In light of the Jordanian, Palestinian, and Arab concerns that forced decision makers to respond and agree to Hamas’s repetitive calls and strong interest in holding an official meeting and having talks with the Jordanian state, a meeting took place between the head of intelligence and a delegation of the political arm of Hamas. This political change and reassessment of national interests occurred for the Jordanian decision makers, and not for Hamas, since Hamas’s calls for and interest in talks did not stop, but did not bear a fruit until the Jordanian decision makers came to realize their benefits holding talks with Hamas’s delegation.
This meeting had preconditions from both sides, and both sides are studying, developing, and building on a foundation for understanding that is free of manipulation, duplicity, or technicalities. Both know what benefits them, and both are being transparent because they know the other party and its interests as well as it knows itself and its own interests.
In light of my confirmed information, the Jordanian decision was not reached in without the knowledge of the Palestinian President, and he has been included on the details, mechanisms, and results of the talks, either directly by the intelligence head Mohamed AL-Thahabi or through Jordanian officials informing Palestinian officials of the latest developments. This is due to more than one reason, but most important is the fact that there is a practical, yet unwritten, cooperation between the Palestinian and Jordanian leaderships that involves dialogue, an understanding of future steps, and coordinating positions as a result of the connected interests between Amman and Ramallah.
This is evident in confronting the Israeli expansion project and its effects, the Jordanian role at the Hague, the speeches of the King to the Congress and European parliaments, and their shared position on Jerusalem. All of these are part of the Jordanian responsibility towards Palestine and against Israel, or their responsibility in confronting the aggressive agenda of Hamas.
The clarity and firmness of the Jordanian position towards Hamas preceded its coup in 2007, and the exit of Khaled Meshal from Amman preceded that by many years because Hamas’s political project, which extends beyond borders, not only is dangerous to Palestine and the Palestinian national project, but is also dangerous to the national security of Jordan.

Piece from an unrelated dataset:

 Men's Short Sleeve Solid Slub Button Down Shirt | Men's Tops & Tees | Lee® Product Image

The confrontation between Jordan and Hamas was not because of Hamas’s coup against Palestinian legitimacy and the Palestinian national project, but is purely due to Jordanian reasons. This explains the firm Jordanian position against Hamas’s coup, since the coup confirmed the Jordanian view of how to deal with Hamas, which is a position that no other Arab country has practiced, and that is because dealing with Hamas is a uniquely Jordanian national security issue.
The Jordanian position and policy of isolating Hamas was not due to Abbas’s or Fatah’s wishes, and the decision to receive Hamas’s delegation was not due to provoking the Palestinian leadership and wasn’t a sign of Jordan’s disapproval of Palestine’s role or performance. The isolation took place for Jordanian reasons and motives, and resuming the relationship was also for Jordanian reasons.

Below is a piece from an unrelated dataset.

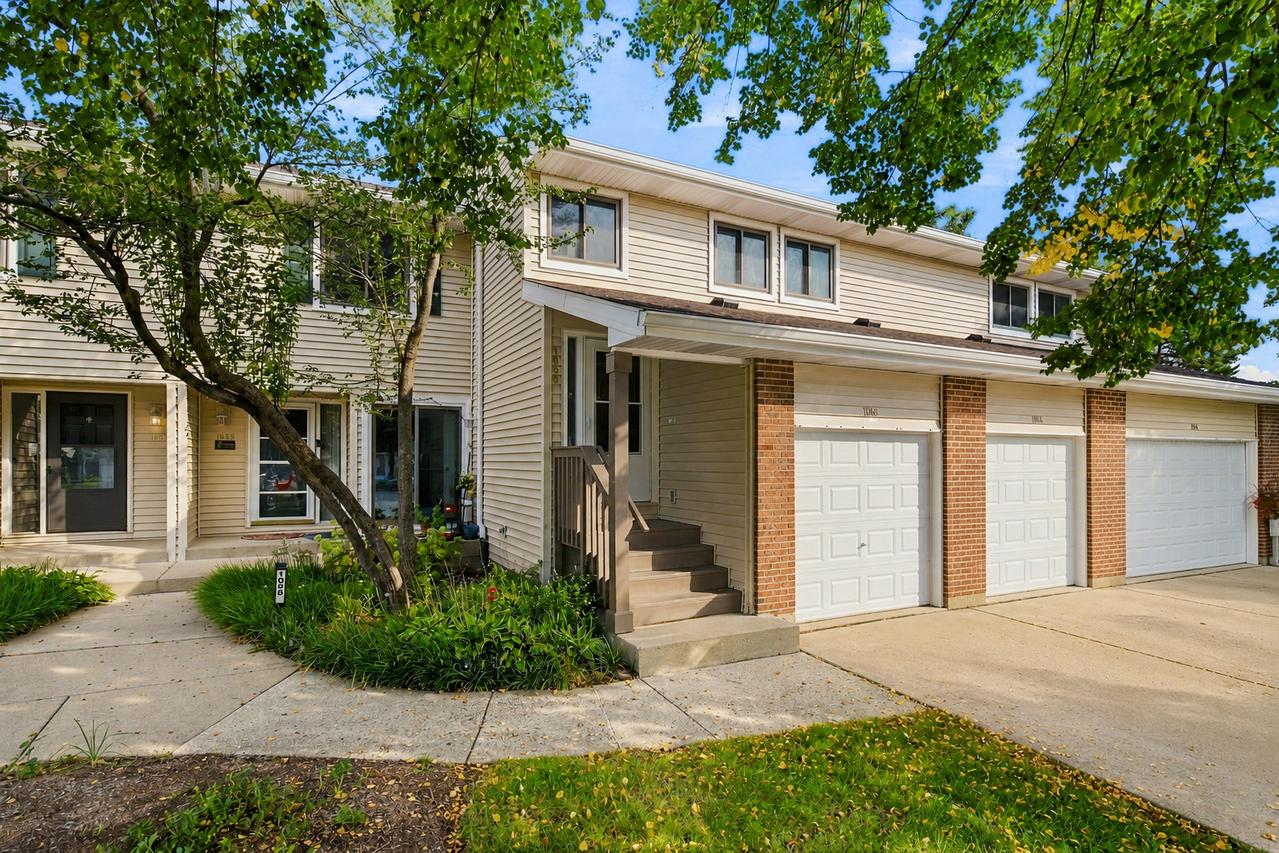 1056 N Pine Tree Cir., Buffalo Grove, IL 60089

It is true that there were Palestinian, Arab, and international factors that assisted in developing the Jordanian position and pushing it towards accepting Hamas’s calls for holding talks and establishing an understanding, but that occurred because it benefits the Jordanian national security interest.
Hamas is a part of a political group that extends beyond borders, and has an agenda of attacking regimes and establishments in a gradual fashion. Just as happened in Palestine, where it used the elections to attack the Palestinian Authority and seize control, regardless of whether Mohamed Dahlan was there or not, it is now carrying out its plan against Ahmad Hales, member of the revolutionary council of Fatah, who supported Hamas and was an ally to it during its confrontation with Mohamed Dahlan.

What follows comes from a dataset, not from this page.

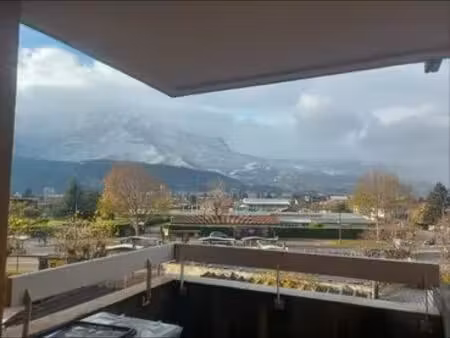 studio avec balcon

Hamas won’t stop until it eliminates all the organizational, partisan and public existence of Fatah in the Gaza strip, and will do the same to the other factions including Islamic jihad and the family of Momtaz Deghmesh and his “Islamic army.”
Hamas is part of and an extension of the powerful Muslim Brotherhood opposition movement in Jordan, Syria, Egypt, and Kuwait, and is a partner in governing Sudan, Iraq, Palestine, and Somalia. Nothing will “turn its head” other than its control and domination of authority in all the countries it is in, and its “change and reform” policies are only a cover for what it actually seeks to achieve, through a gradual multi-step program.